CUDA + PyTorch template

A clean and simple template for developing CUDA C++ kernels and testing them in Python/PyTorch 🚀🚀.

Tested on Ubuntu 20.04.

Structure

.
├── README.md
├── benchmark.py   // use this script to benchmark your kernels
├── csrc           // C/C++ CUDA files
│   ├── api.cpp    // define the Python interface here
│   ├── matmul.cu  // a sample CUDA kernel
│   └── square.cu  // another sample CUDA kernel
├── requirements.txt
├── setup.py       // your code is compiled through this script
└── tests          // test the correctness of your kernels here
    ├── test_matmul.py
    └── test_square.py

💻 Installation

First, install CUDA and PyTorch. The preferred way to install CUDA is through Conda (see here).
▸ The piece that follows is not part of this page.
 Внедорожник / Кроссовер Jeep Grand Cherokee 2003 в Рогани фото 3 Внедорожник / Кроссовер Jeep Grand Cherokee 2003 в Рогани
Also note that you will need an Nvidia GPU to run this.

conda create -n cuda-kernels  # create a new Conda environment
conda activate cuda-kernels  # activate the environment
conda install cuda -c nvidia/label/cuda-12.4.0  # choose the desired CUDA version (here we use 12.4)
conda install pytorch pytorch-cuda=12.4 -c pytorch -c nvidia/label/cuda-12.4.0  # install Pytorch using the previously mentioned CUDA version

Finally, install the remaining dependencies:

pip install -r requirements.txt

🔥 How to run

This repo contains two sample CUDA kernels that you can use as a starting point: csrc/square.cu and csrc/matmul.cu.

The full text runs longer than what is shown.